Still Understanding Secondary Ticketing

The UK’s Culture, Media and Sport Committee held a hearing on ticket abuse Nov. 15, with the main outcome being that the government needs to do more to address the problem. 
Culture, Media and Sport Committee

Present at the hearing were Josh Franceschi (You Me At Six), Ian McAndrew (Wildlife Entertainment), Annabella Coldrick (Music Managers Forum), Chris Edmonds (Chairman, Ticketmaster UK), Alasdair McGowan (Head of Public Affairs/Government Relations eBay), Paul Peak (Head of Legal Europe, StubHub), Jonathan Brown (Society of Ticket Agents and Retailers), Professor Michael Waterson, and Reg Walker (Iridium Consultancy).

While the live professionals like Franceschi, McAndrew and Coldrick pointed out the problems the secondary market creates, the operators of secondary sites responded with the usual remarks: they are just a platform, not legally obliged to persecute their users, and that touts would simply move to third-party, offshore sites if the likes of StubHub and eBay weren’t around. When MP Nigel Huddleston pointed out that secondary sites were essentially a free market that left people with the choice of buying or not, Coldrick responded that one couldn’t really speak of a free market in the first place.
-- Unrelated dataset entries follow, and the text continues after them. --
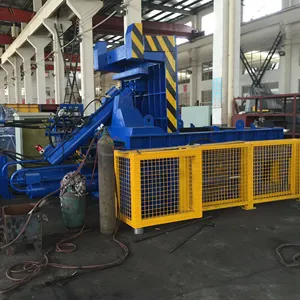 South American Market Scrap Car Hydraulic Press Used Metal Recycling Machine Equipment Made In BSGH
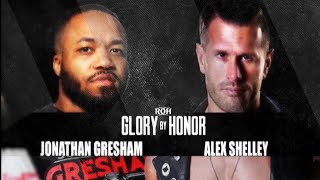 Jonathan Gresham vs. Alex Shelley - ROH GLORY BY HONOR 2019 | FULL MATCH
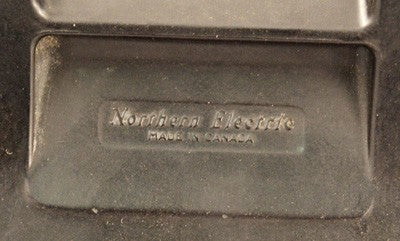 Northern Electric No. 1 - Black with Chrome Trim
Lack of transparency and incomplete ticket information makes it impossible for customers to actually know what or from whom they were buying. Huddleston asked: “eBay owns StubHub, and Ticketmaster also owns two secondary ticketing organizations. Doesn’t that just smell odd?” McAndrew replied that the relationship between primary and secondary sellers “does concern us. What we commonly see are primary tickets still available to be purchased, but people buying tickets at inflated prices from the secondary marketplace. And it’s caused by this confusion, and it’s caused by the linkage between the two partners.”

When Huddleston wanted to know whether it would be enough to demand moral and ethical behavior from the operators of secondary sites or whether legislation was needed, McAndrew pointed out that, almost a decade ago, a committee was held on the same issue.

“The last committee meeting on this subject almost nine years ago highlighted maybe the same problems. But in that time the problem’s got worse,” McAndrew said. “The suggestion that we’ll get our own house in order, I think, seems an unlikely, unreasonable expectation. And for that reason, I’m afraid I think there’s requirement to have legislation in order to put the house in order.”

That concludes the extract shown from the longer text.